Is there an objective way to benchmark the performance of trend-following Managed Futures hedge funds? In their March 2016 paper entitled “Adaptive Time Series Momentum – Benchmark for Trend-Following Funds”, Peter Erdos and Gert Elaut test a futures timing system that increases (decreases) allocations when trends are emerging (fading) per 251 equally weighted, volatility-scaled, daily rebalanced time series momentum (TSMOM) strategies. Strategy lookback intervals range from 10 to 260 trading days. Volatility scaling involves dividing momentum returns by an exponentially weighted daily moving average estimator of volatility over a 60-day rolling window. They account for trading frictions (bid-ask spread plus broker/market fees by asset class, estimated separately for old and new subperiods), exchange rates, one-day signal-to-trade execution delay and estimated management/performance fees. They apply the TSMOM system as a mechanical benchmark for trend-following Managed Futures hedge funds. They examine also a momentum “speed factor” that buys longer-term and sells shorter-term TSMOM strategies. Using daily prices for 98 futures contract series and monthly net-of-fee returns for 379 live and dead trend-following Managed Futures hedge funds during January 1994 through September 2015, they find that:

  • Over the sample period, the TSMOM system has:
    • On a gross basis, average annual return 10.2%, annualized Sharpe ratio 1.02 and maximum drawdown -14.0%.
    • On a net basis, average annual return 6.2%, annualized Sharpe ratio 0.62 and maximum drawdown -23.4%.
  • Combining the TSMOM system with a speed factor strategy in 80%-20% proportions boosts net annual return to 7.0% and net annualized Sharpe ratio to 0.70, and slightly suppresses net maximum drawdown -21.8% (but makes return skewness less positive).
  • The TSMOM system alone explains a substantial part of the return behavior of trend-following Managed Futures funds (see the chart below). 
  • Some Managed Futures funds exhibit positive alpha with respect to the TSMOM system that tends to persist from year to year. This alpha:
    • Relates positively to speed factor exposure, suggesting that skillful fund managers exploit the speed factor.
    • Tends to be higher (lower) for funds with higher equity (fixed income) momentum exposure. 
    • Relates negatively to fund size, but positively to fund age.
    • Has no relationship with magnitude of fund management/performance fees.
  • Investors in Managed Futures funds exhibit strong return-chasing, focusing almost solely on return last year.
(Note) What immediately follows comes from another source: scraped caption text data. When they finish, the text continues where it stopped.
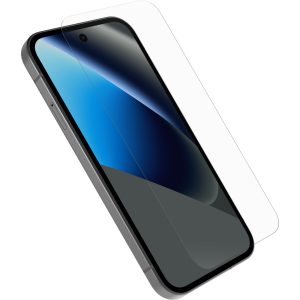 OtterBox Glass Google Pixel 10A 5G (6.3') Clear - (77-000221),Drop Protection, Anti-Scratch, Flawless Touch, 2 Years Warranty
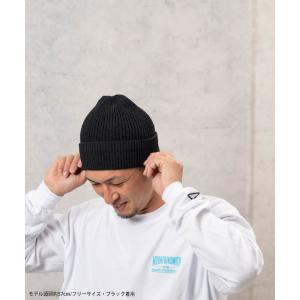 パピエワッチ フリーサイズ ニット帽 ワッチ ...の詳細画像4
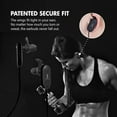 thumbnail image 4 of Neojdx Wingz Bluetooth Headphones, Wireless Sports Earphones w/ Mic IPX5 Waterproof HD Stereo Earbuds 6 Hour Battery Noise Cancelling Headsets, 4 of 7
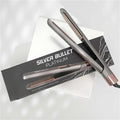 Silver Bullet Platinum Hair Straightener 25mm - On Line Hair Depot
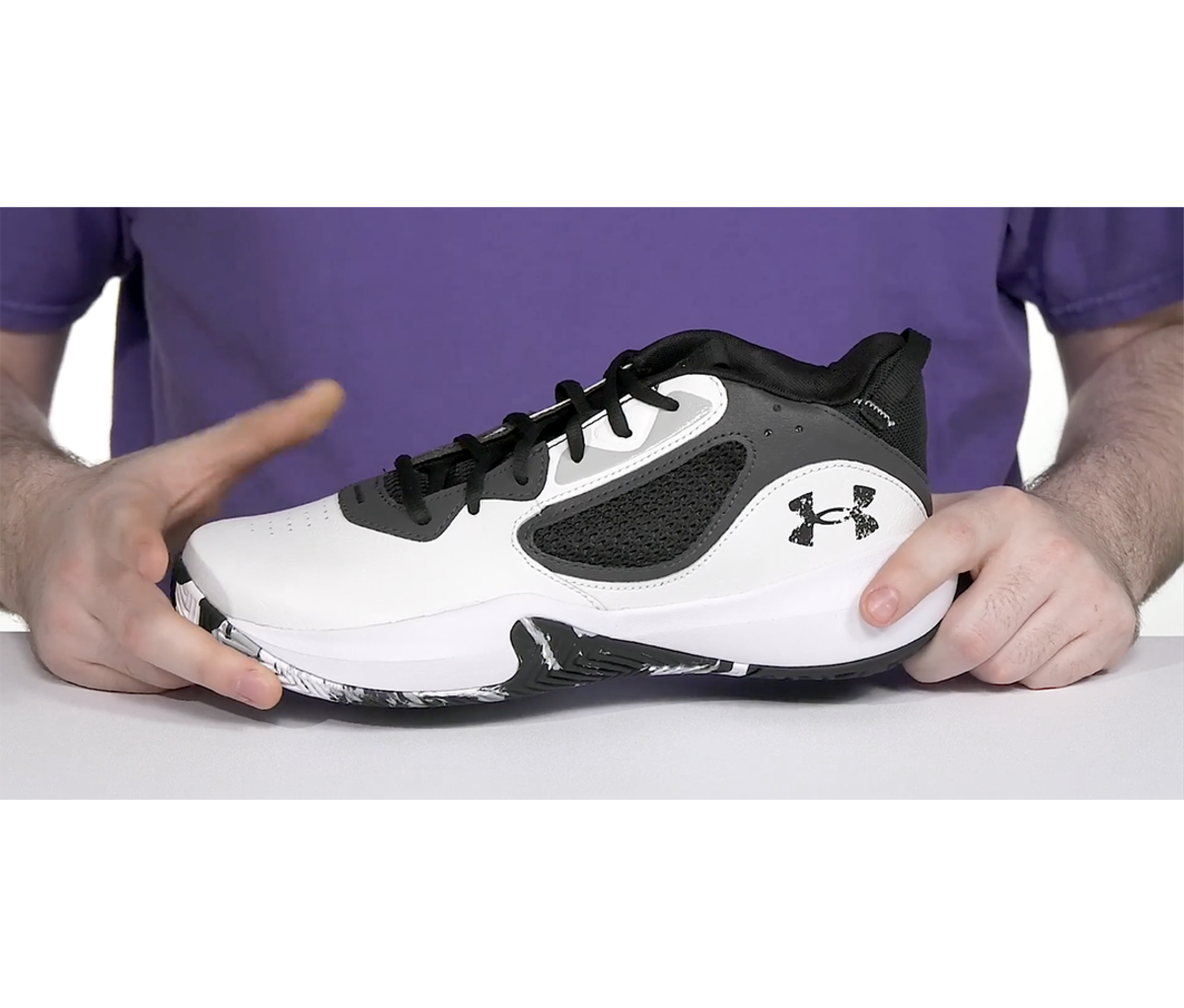 Get Back To The Courts With These Under Armour Basketball Shoes Men's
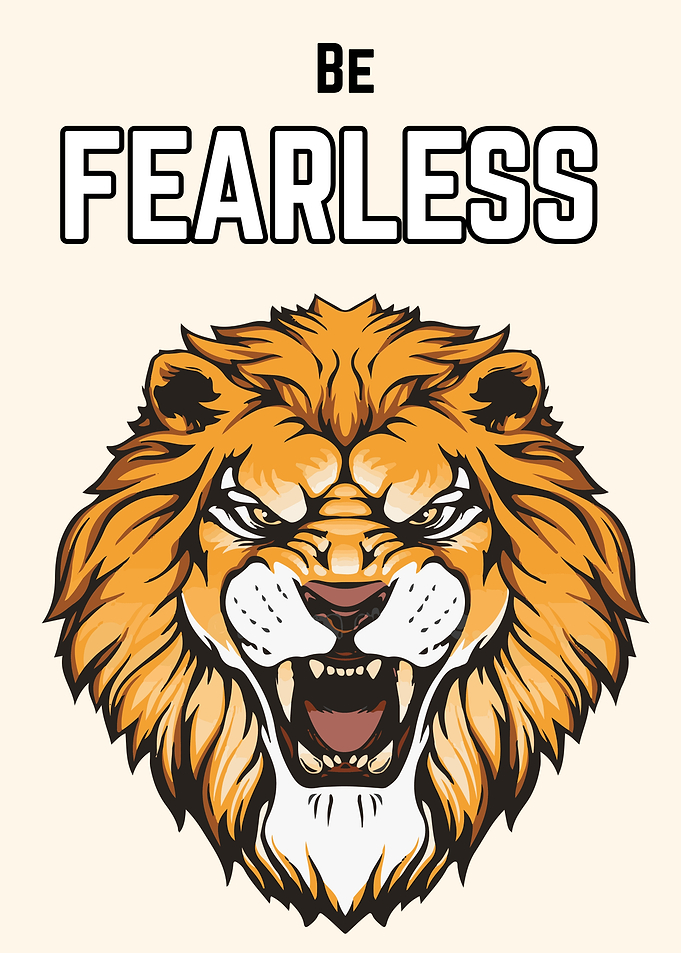 Motivational Animal Quote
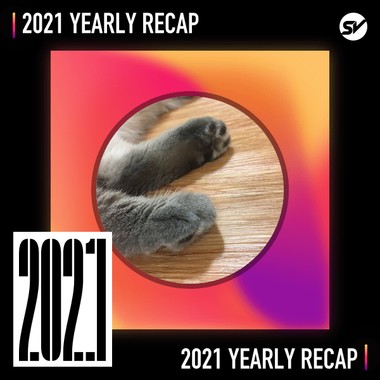 2021 个人年度精选之最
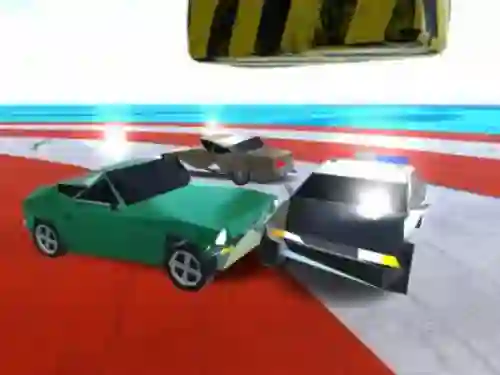 Derby Mod: GTA Modes — безкоштовна онлайн гра
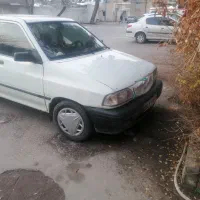 پراید کارمندی.  فروش.  فوری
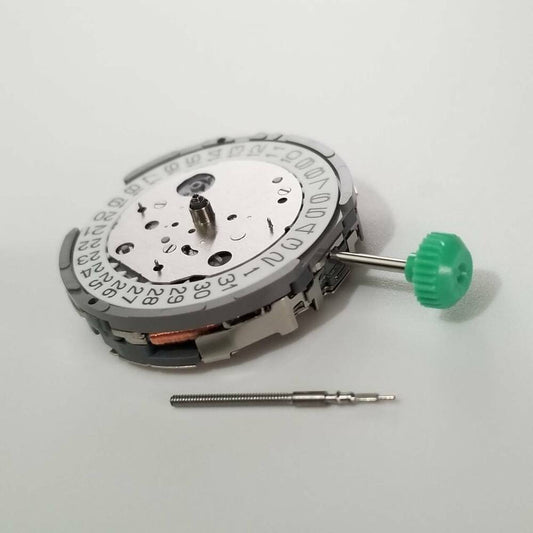 Pièces de rechange pour montres à mouvement à quartz Miyota FS26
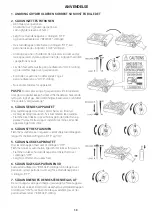 Предварительный просмотр 13 страницы Outwell Appetizer Select Instruction Manual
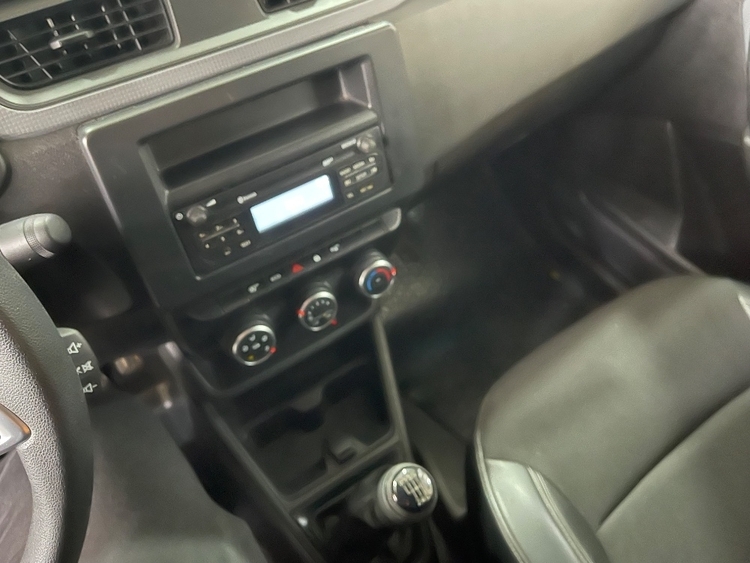 Renault Express Basis foto 8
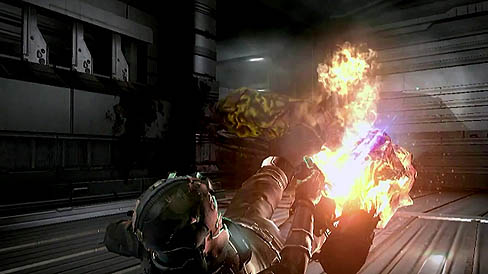 画像ギャラリー No.004のサムネイル画像 / 「Dead Space 2」の最新ムービー公開。前作のあらすじをまとめたDead Space初心者にも便利な一本で,最新作の準備に取り組もう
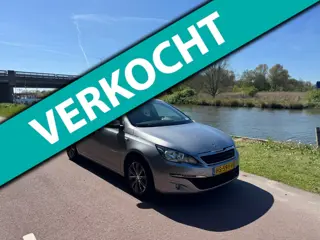Peugeot 308 1.2 PureTech Style |Luxe|Dis=V.V|Goed onderh.|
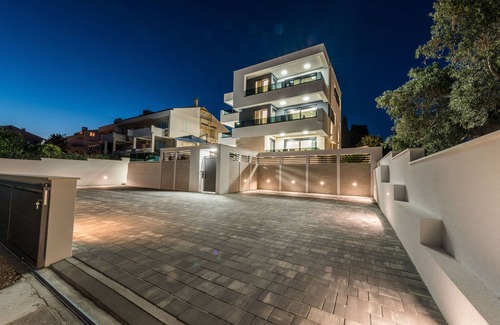 Novalja Apartamento | Villa Laverna Annex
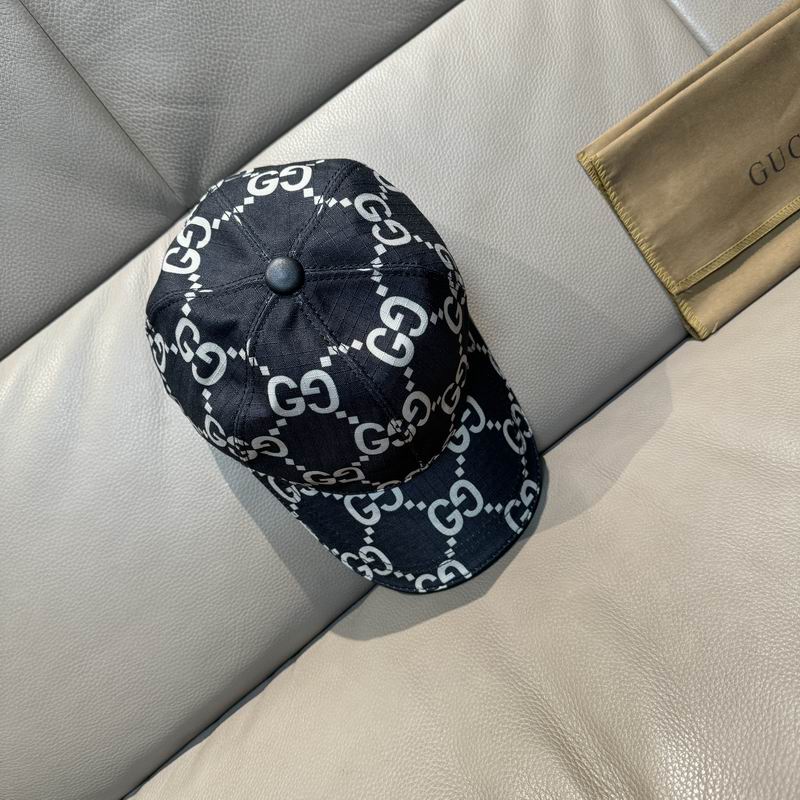 Gucci cap（高版本）dx (62)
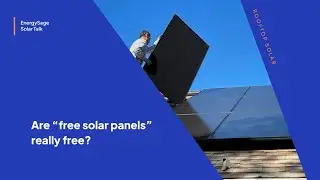 Are Free Solar Panels Really Free?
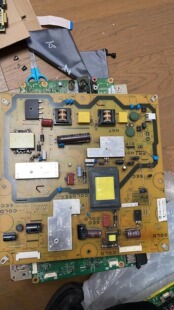 原装夏普LCD-40LX160A 40DS10A电源板QPWBFG355WJN1 DUNTKG355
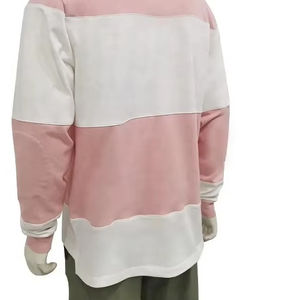 Chemises polo pour hommes à manches longues, nouvelle couleur tendance, prix bas, vente en gros, chemises polo classiques à boutons pour hommes à manches longues, personnalisables - Product Image 4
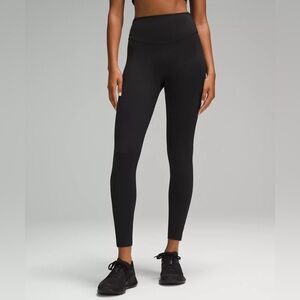 LULULEMON NWT Base Pace High-Rise Tight 28" black
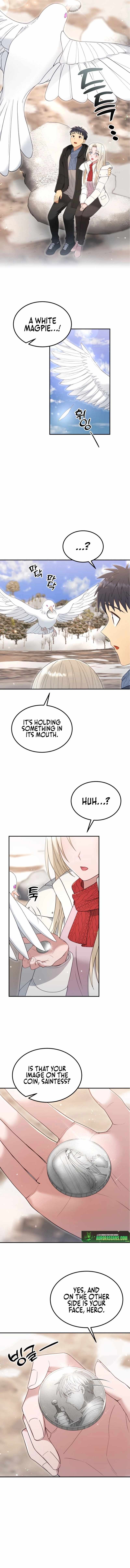 Living in a single room with a Saintess Ch.43 p6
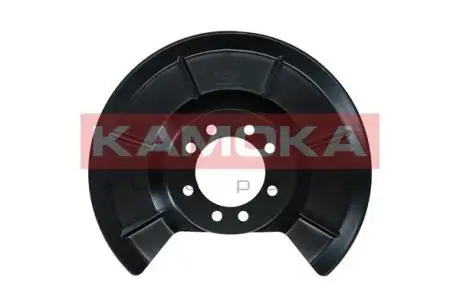 Кожух гальмiвного диска заднiй Ford Focus/Mazda 3 04-12 KAMOKA 1180236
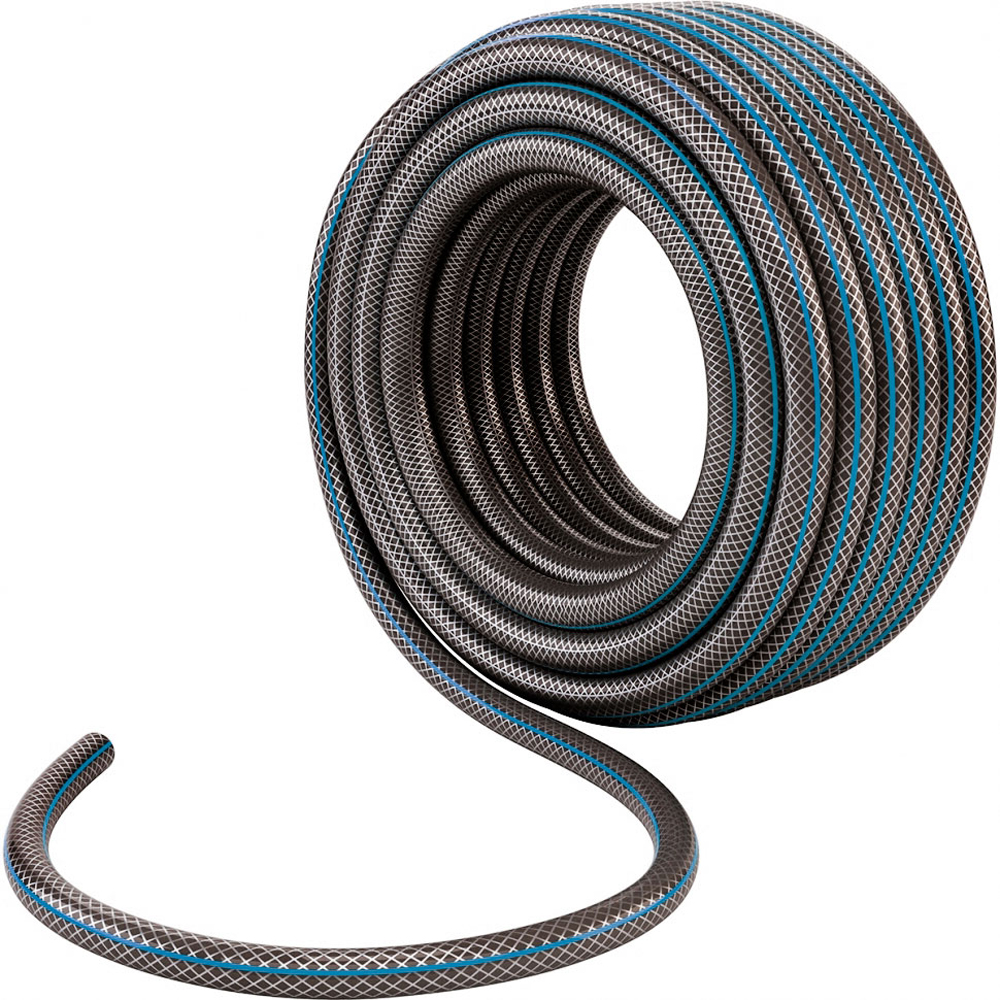 Шланг "садовод"  пвх 1"  армиров. 25 м (1)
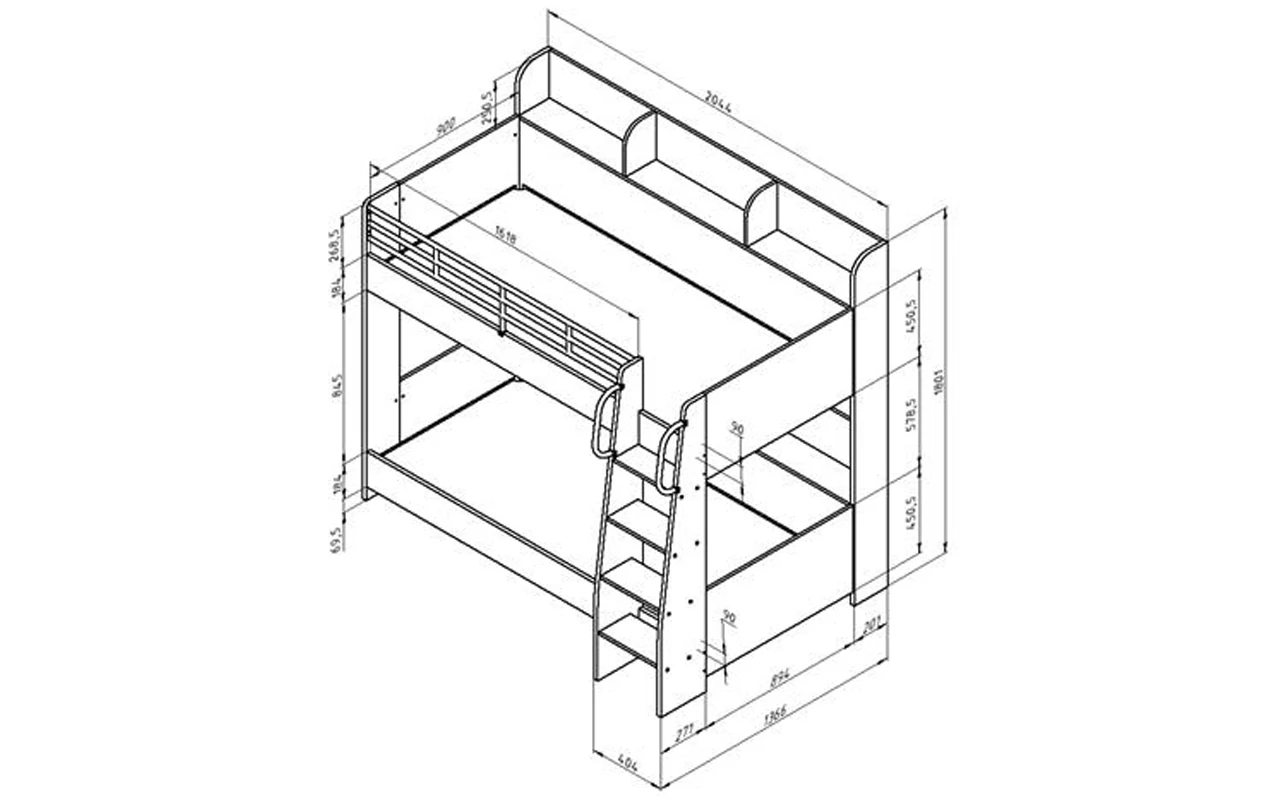 Формула Мебели Соня-5 фото 3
The following chart, taken from the paper, compares rolling 3-year Sharpe ratios for the TSMOM system and five indexes of Managed Futures hedge funds (which have varying levels of focus on trend following funds). In general, the TSMOM system Sharpe ratio tracks those of the fund indexes closely (but is often higher), suggesting that it is a useful and aggressive benchmark for performance of trend-following Managed Futures hedge funds.


In summary, evidence suggests that the TSMOM system represents an aggressive benchmark for trend-following Managed Futures hedge funds.

Cautions regarding findings include:

  • TSMOM benchmarking system calculations are complicated.
  • TSMOM system volatility-scaling calculations include several potential optimizations (moving average decay parameter, rolling estimation window length and a “correction” factor), thereby risking snooping bias in construction.
  • The 80%-20% weights for the combined TSMOM system/speed factor are experimentally optimal and impound snooping bias.